Биянкурские праздники
Шрифт:
Когда я говорю о «языке героев Зощенко», то это требует небольшого уточнения: язык был тот же на классовом уровне, на географическом, образовательном и бытовом, но эмигрантский язык этих лет имел одну характерную черту, которую язык Зощенко не имел: он впитывал в себя слова французские, переделывая их иногда на русский манер. Таким образом, язык героев «Биянкурских праздников» более пестрый, менее унифицированный язык и, если в него вслушаться, имеет следующие элементы:
1. Старомодная, устарелая речь чеховских и предчеховских времен, с частым употреблением имени-отчества, даже в том случае, когда люди бывали на «ты»; речь, обращенная к женщине, всегда как к чему-то драгоценному и редкому, прекрасному и
2. Слова, подхваченные из советских газет или от случайных приезжих из Советской России, «спец», «шамать», «баранка» (автомобиля), которые могли врасти в язык на родине, но могли и не удержаться в нем.

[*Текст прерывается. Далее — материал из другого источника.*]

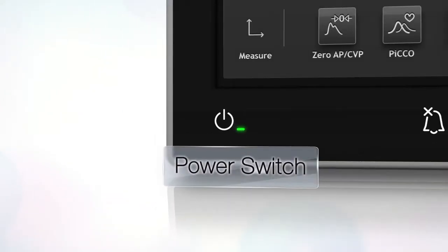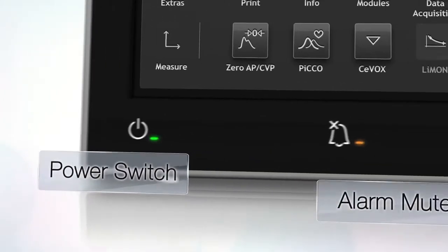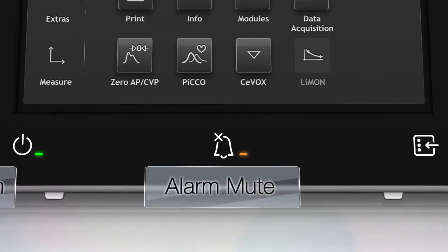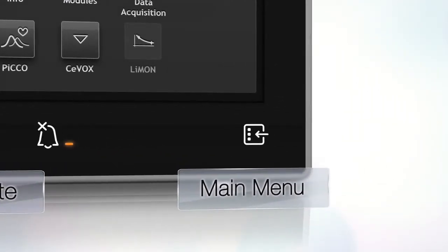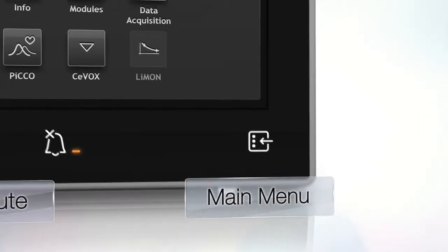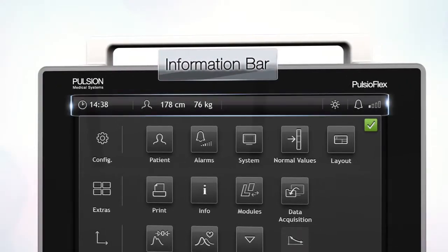Use the power switch to turn on the device. Tap the alarm mute button to silence the alarm. The main menu gives access to all configurations and functions. Press the main menu button to go back to the menu. The information bar highlights information about the patient, their specific measurement details and messages.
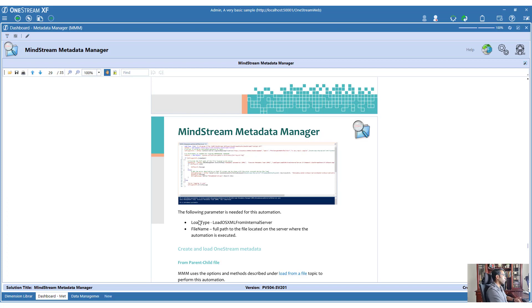That concludes our adventure with MMM. We covered how to update metadata using a file and SQL, how to extract a dimension as a parent-child or XML file, how to extract a hierarchy, and how to automate all of this using PowerShell. That concludes our MMM series.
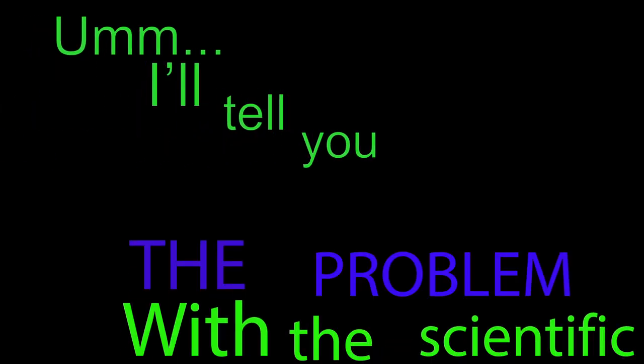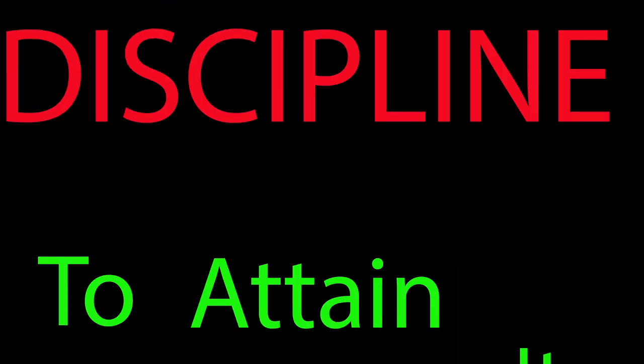I'll tell you the problem with the scientific power that you're using here. It didn't require any discipline to attain it.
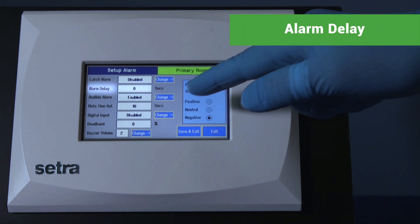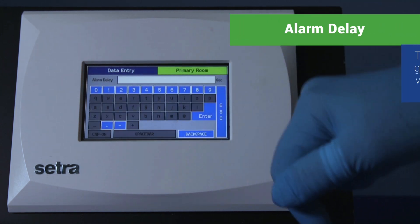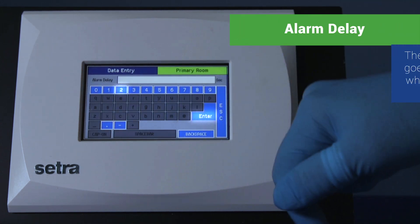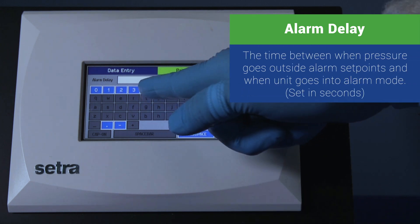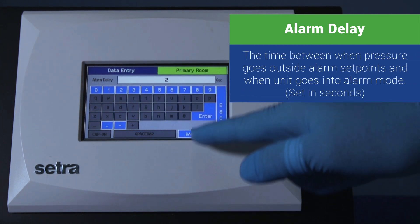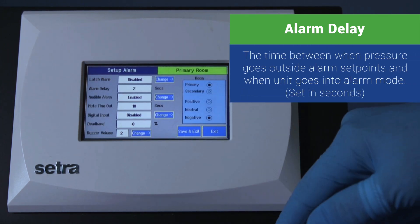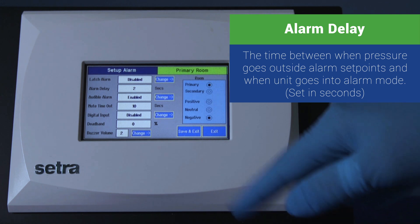Alarm delay: the time between when the pressure went outside alarm set points and when the unit goes into alarm mode.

3. Слова, означающие нечто новое, не бывшее до того, которые наспех были придуманы в редакции русских газет при переводе с французского, понятия, еще, может быть, не найденные, как «одномоторник» (аэроплан, который только после Второй мировой войны стал называться эмигрантами самолетом).
4. И, наконец, слова французского обихода, не переведенными на русский язык вошедшие в речь, как «бистро» (небольшое кафе, где больше пьют, чем едят) или «компле вестон» (пиджачная пара, с жилеткой), еще десятки других.
Ни одной из этих четырех категорий я не злоупотребляла: они попадаются тут и там в моих рассказах, но сознательно я их не культивировала.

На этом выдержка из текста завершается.